:: Task brief ::
Leave out the images and transcribe the entries below word for word.

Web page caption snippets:
[Start of section]

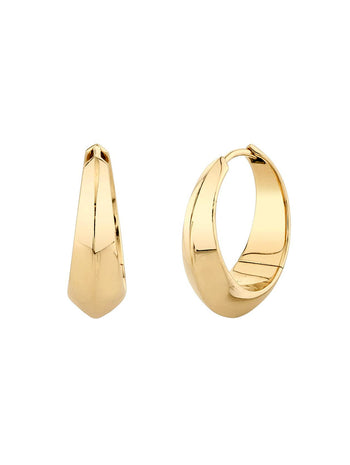 Large Yellow Gold Crescent Hoop Earrings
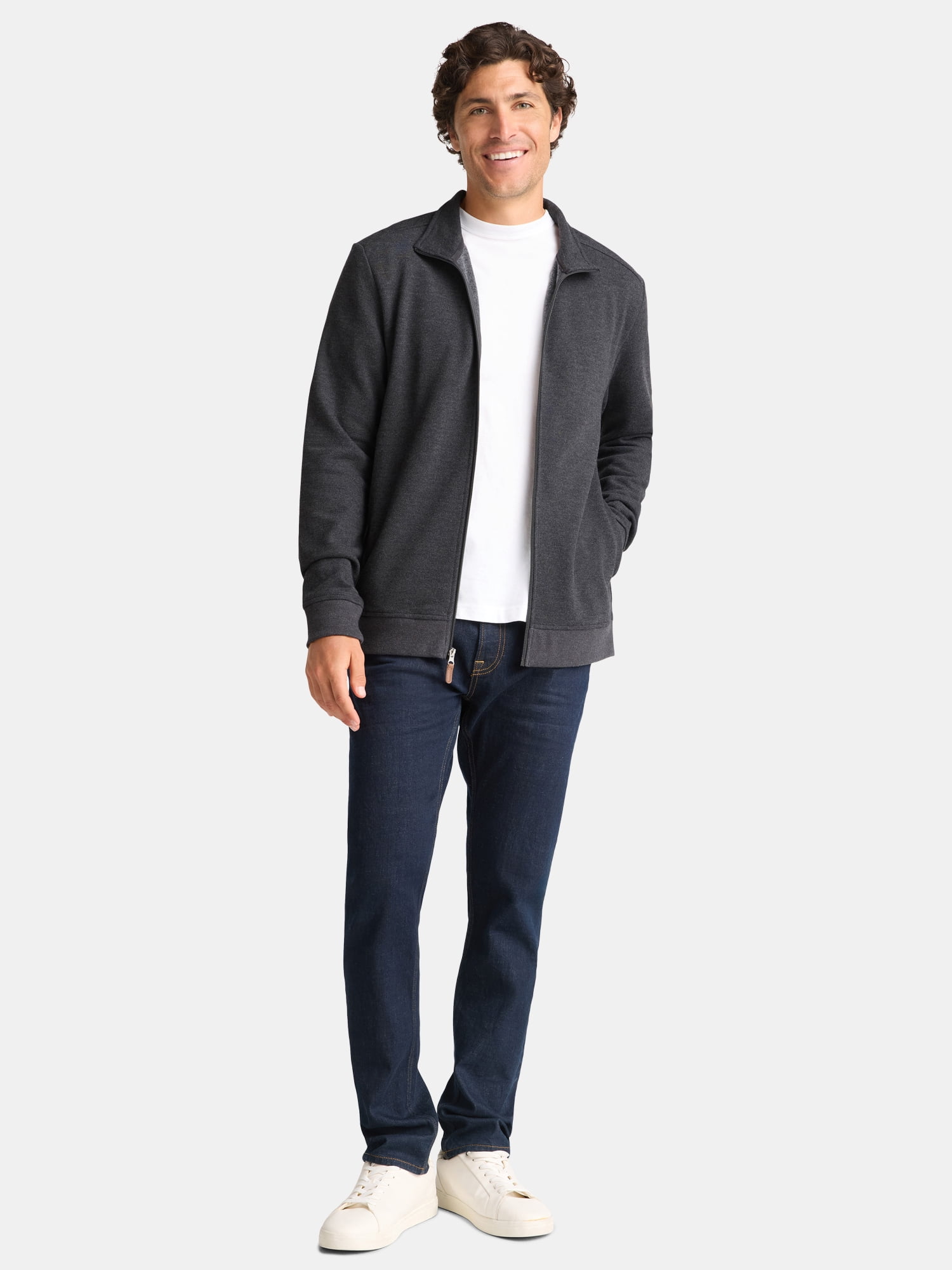 George Men's and Big Men's Full Zip Knit Jacket, Size XS-3XL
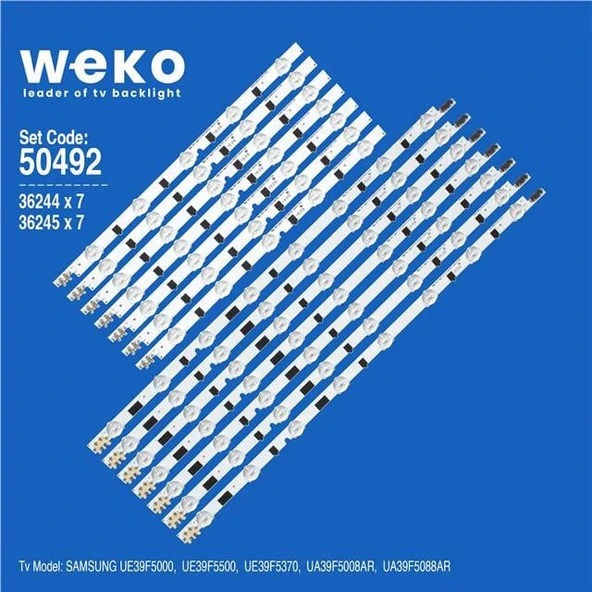 Samsung UE39F5500 39'' İnç 7 Adet Birleştirilmiş Tv Led Bar ( Tvnizin içindeki led barla aynısı olduğunu görmeden almayınız. Led bar ürünlerinde paket açıldığında iade kabul edilmemektedir. ) ürün görseli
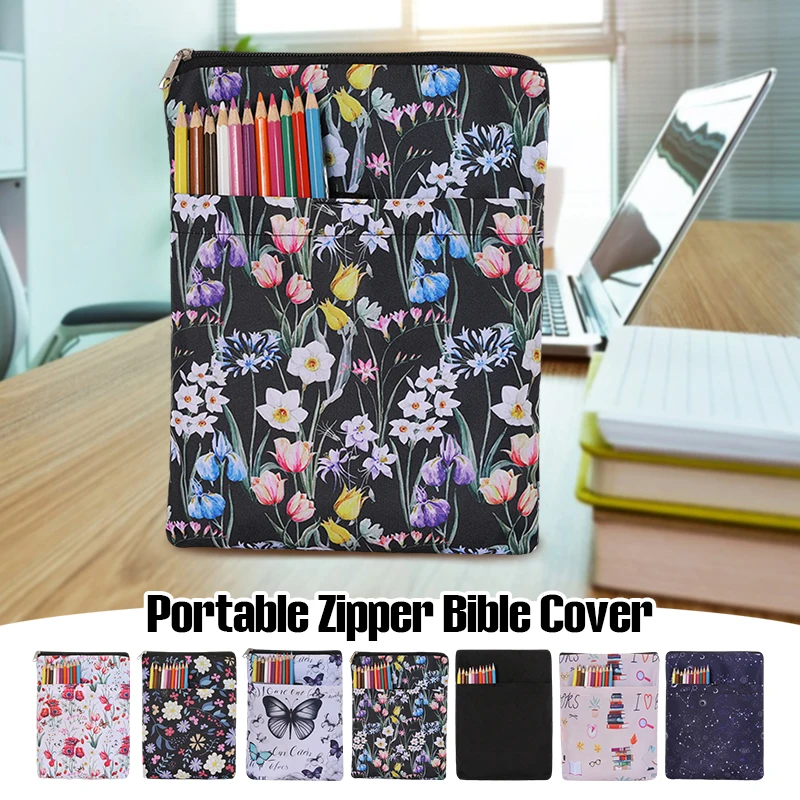 1pc Book Sleeves Flowers Book Protector Book Covers for Paperbacks Washable Cloth Book Cover with Zipper and Extra Sleeve Pocket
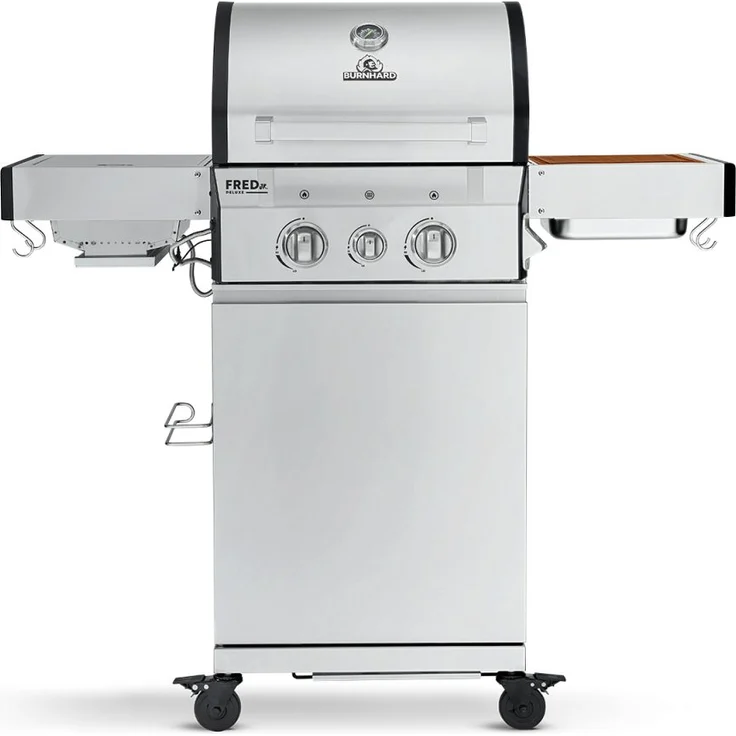 BURNHARD Gasgrill Fred, 2-Brenner Gasgrill, 900 Grad Infrarot-Keramikbrenner, 2023er Version, 10,5 kW Gasgrill 2 Brenner Deluxe – Bild 1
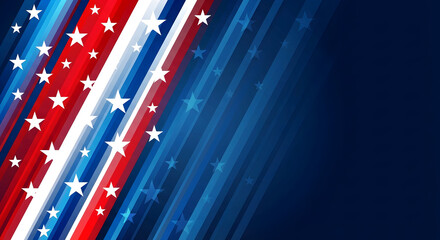 Patriotic American Flag Stripes and Stars Abstract Background Red White Blue Gradient Diagonal Design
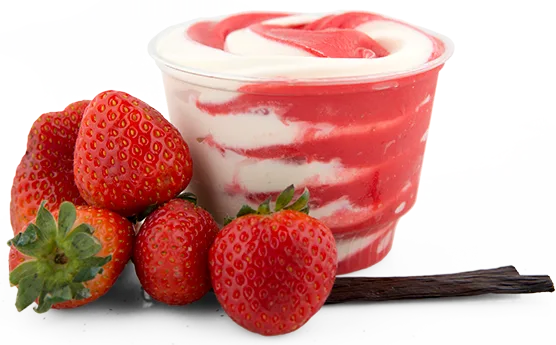 Helado de fresa con vainilla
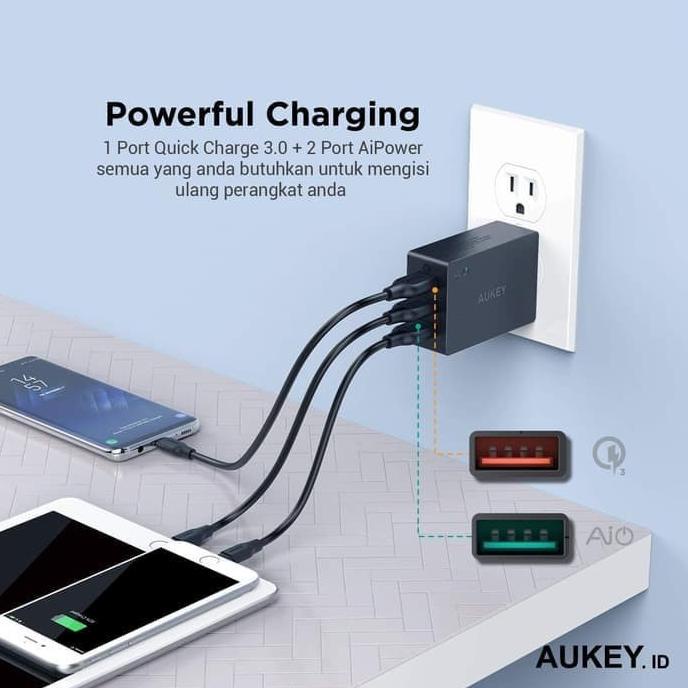 Aukey Charger 3 Port USB Quick Charge 3.0 Fast Charging PA-T14 casan aukey T14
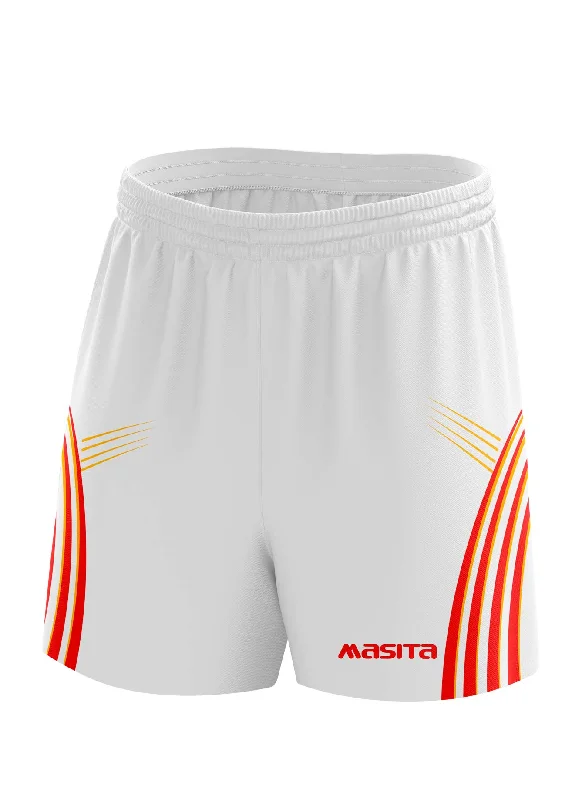 Personalized Casual Shorts-Casey Gaelic Shorts White/Red/Amber Adult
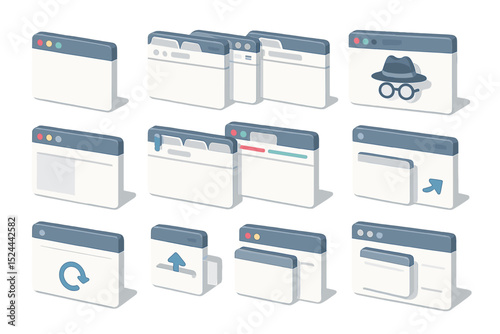 Various web browser windows and tabs including incognito mode and download icons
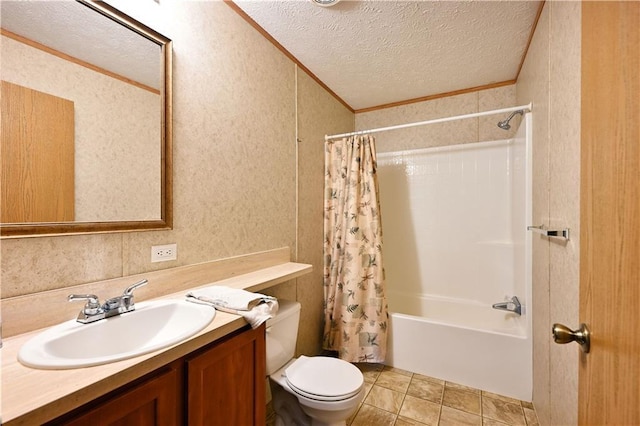 2329 Sand Rd, Shell Lake, WI 54871 - bathroom with vanity, a textured ceiling, ornamental molding, and shower / tub combo with curtain
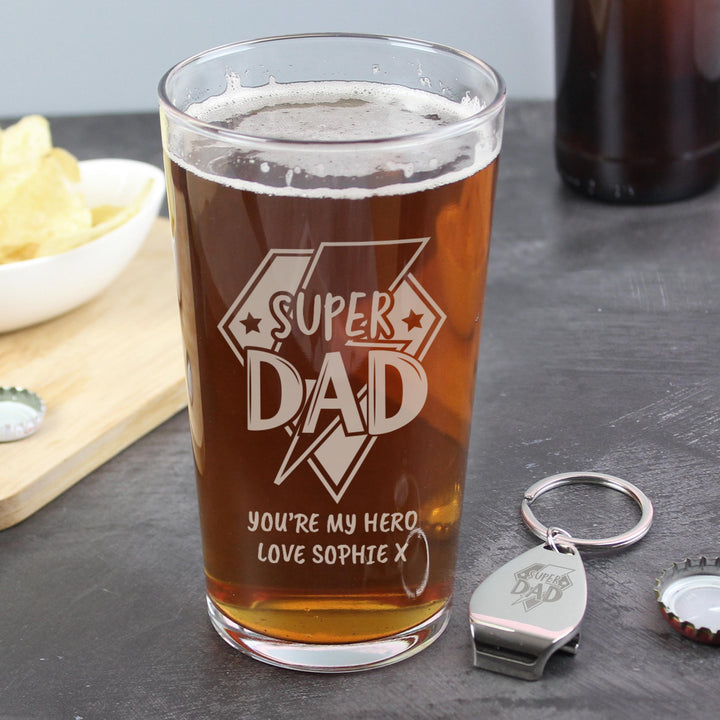 Personalised Super Dad Pint Glass &amp; Bottle Opener – alternative view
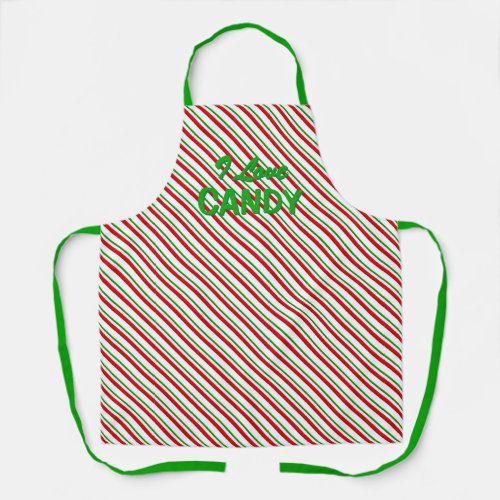 Red and Green Candy Stripes I Love Candy  Apron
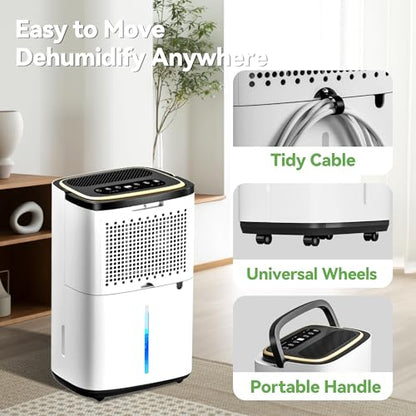 50 Pint Dehumidifier for Basement & Home - 5000 Sq.Ft, Drain Hose, 3 Modes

[End of section]

:: Finished task ::
 Large Yellow Gold Crescent Hoop Earrings
 George Men's and Big Men's Full Zip Knit Jacket, Size XS-3XL
 Samsung UE39F5500 39'' İnç 7 Adet Birleştirilmiş Tv Led Bar ( Tvnizin içindeki led barla aynısı olduğunu görmeden almayınız. Led bar ürünlerinde paket açıldığında iade kabul edilmemektedir. ) ürün görseli
 1pc Book Sleeves Flowers Book Protector Book Covers for Paperbacks Washable Cloth Book Cover with Zipper and Extra Sleeve Pocket
 BURNHARD Gasgrill Fred, 2-Brenner Gasgrill, 900 Grad Infrarot-Keramikbrenner, 2023er Version, 10,5 kW Gasgrill 2 Brenner Deluxe – Bild 1
 Patriotic American Flag Stripes and Stars Abstract Background Red White Blue Gradient Diagonal Design
 Helado de fresa con vainilla
 Aukey Charger 3 Port USB Quick Charge 3.0 Fast Charging PA-T14 casan aukey T14
 Personalized Casual Shorts-Casey Gaelic Shorts White/Red/Amber Adult
 Various web browser windows and tabs including incognito mode and download icons
 2329 Sand Rd, Shell Lake, WI 54871 - bathroom with vanity, a textured ceiling, ornamental molding, and shower / tub combo with curtain
 Personalised Super Dad Pint Glass &amp; Bottle Opener – alternative view
 Red and Green Candy Stripes I Love Candy  Apron
 50 Pint Dehumidifier for Basement & Home - 5000 Sq.Ft, Drain Hose, 3 Modes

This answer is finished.